Dataset entries section start
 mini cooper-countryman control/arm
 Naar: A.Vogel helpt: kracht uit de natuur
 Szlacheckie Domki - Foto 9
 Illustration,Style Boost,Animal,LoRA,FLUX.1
Dataset entries section end
Dataset entries section start
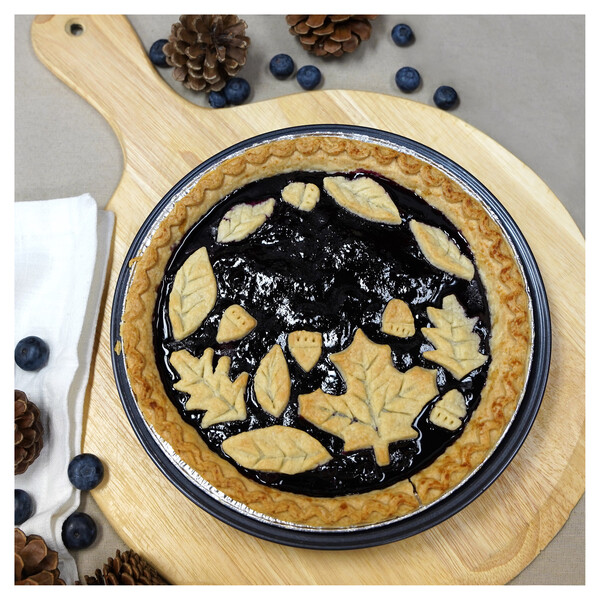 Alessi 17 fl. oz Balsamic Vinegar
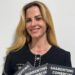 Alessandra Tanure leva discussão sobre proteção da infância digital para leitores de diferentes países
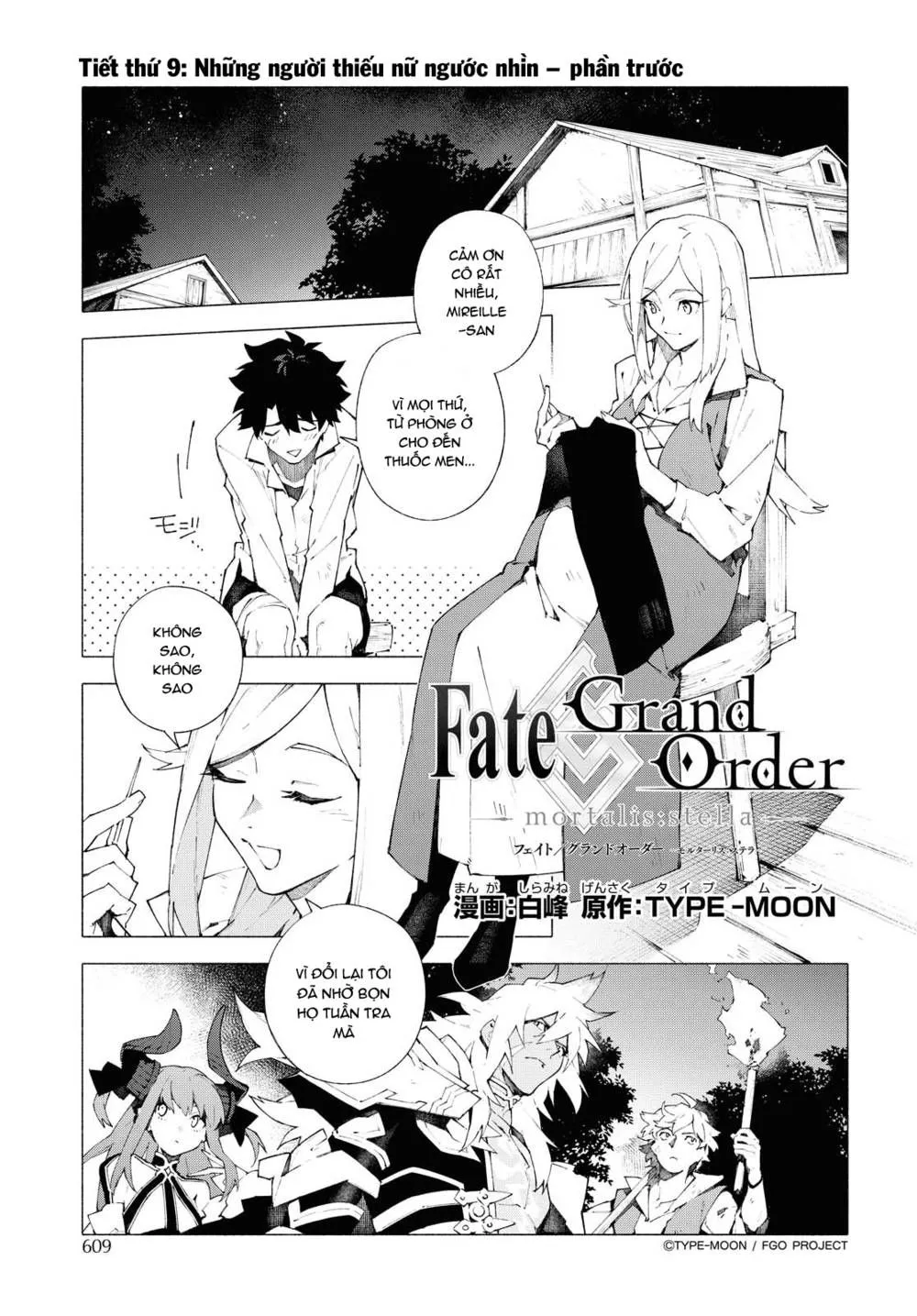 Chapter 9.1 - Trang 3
Dataset entries section end
Dataset entries section start
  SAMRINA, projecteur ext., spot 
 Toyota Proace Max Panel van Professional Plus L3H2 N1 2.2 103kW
Dataset entries section end
### Exercise prompt
Within the material above, output exactly the lines from the one with "Naar: A.Vogel helpt: kracht uit de natuur" through the one with "Illustration,Style Boost,Animal,LoRA,FLUX.1", end lines included, and nothing besides.

### Exercise answer
 Naar: A.Vogel helpt: kracht uit de natuur
 Szlacheckie Domki - Foto 9
 Illustration,Style Boost,Animal,LoRA,FLUX.1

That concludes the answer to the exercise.